▸ Action item
Would you print the records below without changing anything?

==== Material provided ====

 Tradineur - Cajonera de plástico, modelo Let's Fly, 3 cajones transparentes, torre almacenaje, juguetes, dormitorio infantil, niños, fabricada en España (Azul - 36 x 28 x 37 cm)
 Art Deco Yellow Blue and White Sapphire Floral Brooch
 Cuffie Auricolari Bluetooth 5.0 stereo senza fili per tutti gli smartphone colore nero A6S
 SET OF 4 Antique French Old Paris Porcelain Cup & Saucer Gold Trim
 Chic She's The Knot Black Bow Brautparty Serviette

====

▸ Problem solution
 Tradineur - Cajonera de plástico, modelo Let's Fly, 3 cajones transparentes, torre almacenaje, juguetes, dormitorio infantil, niños, fabricada en España (Azul - 36 x 28 x 37 cm)
 Art Deco Yellow Blue and White Sapphire Floral Brooch
 Cuffie Auricolari Bluetooth 5.0 stereo senza fili per tutti gli smartphone colore nero A6S
 SET OF 4 Antique French Old Paris Porcelain Cup & Saucer Gold Trim
 Chic She's The Knot Black Bow Brautparty Serviette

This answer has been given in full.